PROBLEM LINK
Author : Ankit Sagwekar
Tester : Vikesh Tiwari
Editorialist : Ankit Sagwekar
DIFFICULTY
Easy
PREREQUISITES
basics,array,implementation
PROBLEM
Given two integers ‘m’ and ‘n’. Find the number of combinations of bit-size ‘n’ in which there are no ‘m’ consecutive ‘1’.
EXPLANATION
We are given with m and n.
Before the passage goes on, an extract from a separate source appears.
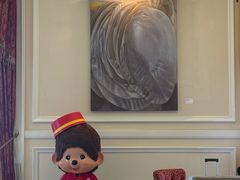 -Salon de Ville浦江汇(上海外滩华尔道夫酒店店)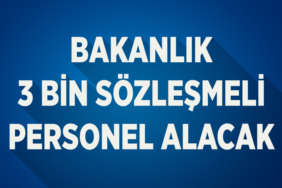 bakanlık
There are 3 cases for any given value of n and m
-
Case 1:
when n is less than m
for this the ans will be equal to ans=pow(2,n).eg: 3 2 all the 2 bit words i.e 00 01 10 11 will not have 3 consecutive 1 ,thus all of them are selected. -
Case 2: when n is equal to m
for this the ans will be equal to ans=pow(2,n)-1.eg: 3 3 all the 3 bit words i.e 000 001 010 011 100 101 110 111 out of which only one word will have 3 consecutive '1'. -
Case 3: when n is more than m
This test case needs some computation which we will see through eg.eg: 3 4 Here we first calculate for m n 3 3 = 7 3 2 = 4 3 1 = 2 then adding this ,we get for 3 4 as 7+4+2=13. here m=3 thus we calculate for 3 values and add them . eg:4 6 here we first calculate for m n 4 5 = 29 4 4 = 15 4 3 = 8 4 2 = 4 then adding this ,we get for 4 6 as 29+15+8+4=56. here m=4 thus we calculated for 4 values and add them .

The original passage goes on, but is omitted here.